DC4 - The BRPC procedure in general can be applied to any network
partitions in the context of (G-)MPLS networks, and so this
paragraph could be moved to the Intruduction, and at least
not a hard assumption.
JP>> Agree.
- The domain path (set of domains traversed to reach the destination
domain) is either administratively pre-determined or discovered by
some means (outside of the scope of this document).
DC5 - What does this mean ? Thought the domain path is calculated by
the BRPC procedure.
JP>> nope, the BRPC computes the optimal (shortest) path between a source S in Domain A to destination D in Domain B, along a determined domain path (can be pre-determined or discovered during the BRPC procedure). But, BRPC does not attempt to discover all the domain-path, compute for each domain path the best path and return the absolute best path.
DC10 Thr BRPC procedure may return x number of path segments where x equals
the number of equal cost paths (ECMP), where two parameters may be
configurable based on carriers policy.
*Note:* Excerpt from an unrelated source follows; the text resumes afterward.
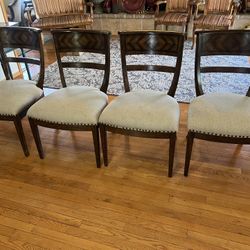 Set of 4 Wood Dining Chairs with Upholstered Seats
The first is the max number for
x, and the second is the approximates of these paths (costs are
exactly the same or close enough).
JP> Do you see a strong reason for limiting x ?
The second requirement might indeed be interesting.
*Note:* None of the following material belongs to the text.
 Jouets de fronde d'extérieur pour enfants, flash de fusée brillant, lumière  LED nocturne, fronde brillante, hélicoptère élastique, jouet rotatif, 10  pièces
WG, any feed-back on this ?
DC11 - It could be reworded to say: After accommodating local policy
that may be associated with domains that a LSP may traverse,
if any, the BRPC would guarantee the optimality of inter-domain
paths end-to-end.
JP> Not quite sure to see your point here ?
Thanks for your comments.
JP.
On May 8, 2006, at 5:57 PM, Dean Cheng ((dcheng)) wrote:
Dear Authors,
I've got some quick feedback please see the attached (lines inserted
starting with DC).
Cheers,
Dean
Dear WG,
As agreed during our last WG meeting in Dallas (see the discussion with Adrian, acting as CCAMP co-chair), we moved that ID in PCE WG. We took that opportunity to make several changes based on the comments that we received so far. So new text has been added for clarification, we reworded some sections and more importantly, we removed the specification of the VSPT object and replaced it by a 1-bit new flag in the RP object defined in PCEP.
Comments very welcome.
JP, Raymond, Nabil and Jean-Louis.Begin forwarded message:
Date: May 4, 2006 3:50:01 PM EDT
Subject: I-D ACTION:draft-vasseur-pce-brpc-00.txt
A New Internet-Draft is available from the on-line Internet-Drafts directories.
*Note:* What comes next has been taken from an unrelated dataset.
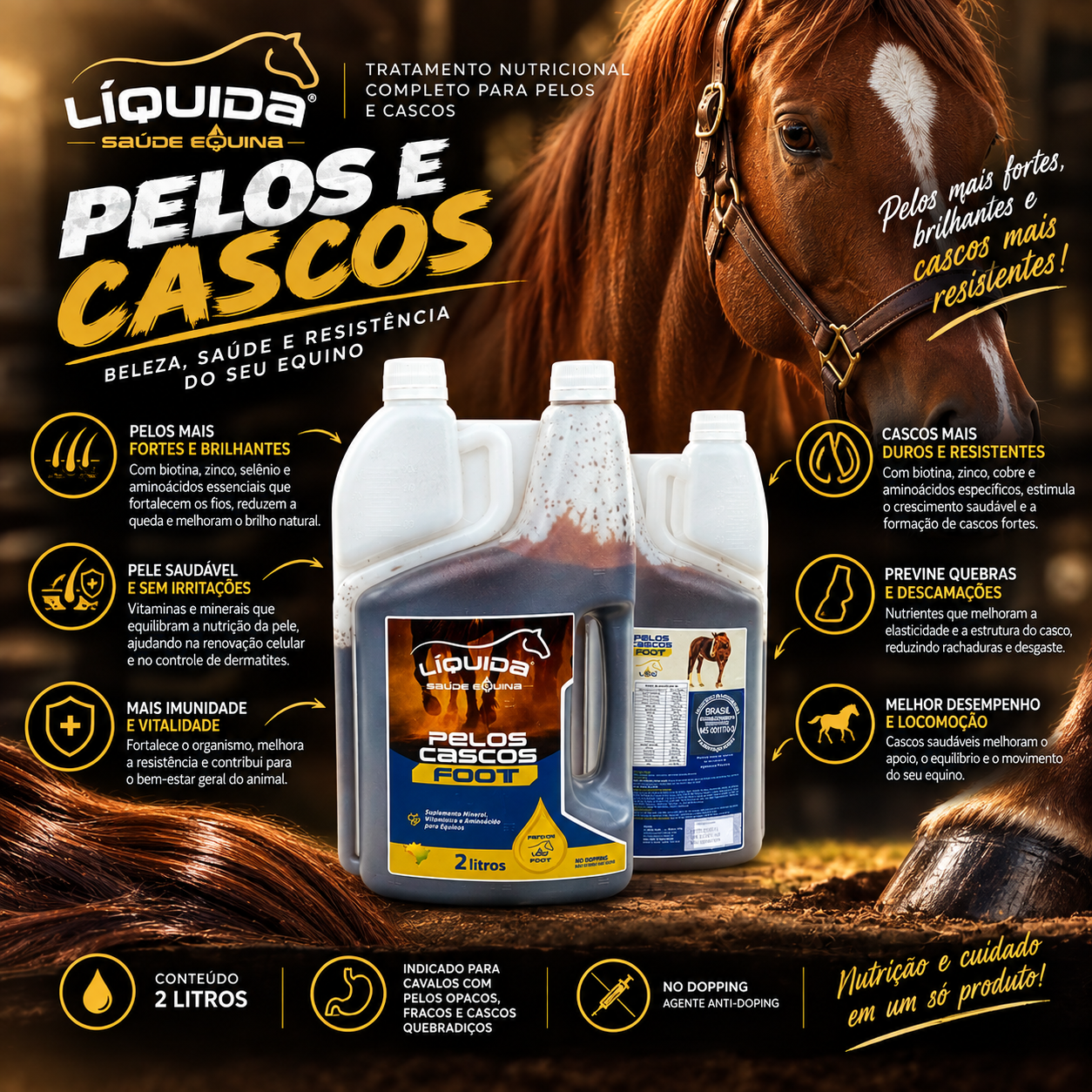 Pelos & Cascos 5lt Liquida Equinos — Suplemento Nutricional para Saúde, Força e Qualidade dos Cascos e Pelagem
Title : A Backward Recursive PCE-based Computation
(BRPC) procedure to compute shortest inter-
domain Traffic Engineering Label Switched Paths
Author(s) : J. Vasseur, et al.
Filename : draft-vasseur-pce-brpc-00.txt
Pages : 14
Date : 2006-5-4
This document specifies a Path Computation Element (PCE)-based
procedure to compute inter-domain constrained shortest Traffic
Engineering (TE) Label Switched Paths (LSPs) in Multiprotocol Label
Switching (MPLS) and Generalized MPLS (GMPLS) networks. In this
document a domain is referred to as a collection of network elements
within a common sphere of address management or path computational
responsibility such as IGP areas and Autonomous Systems.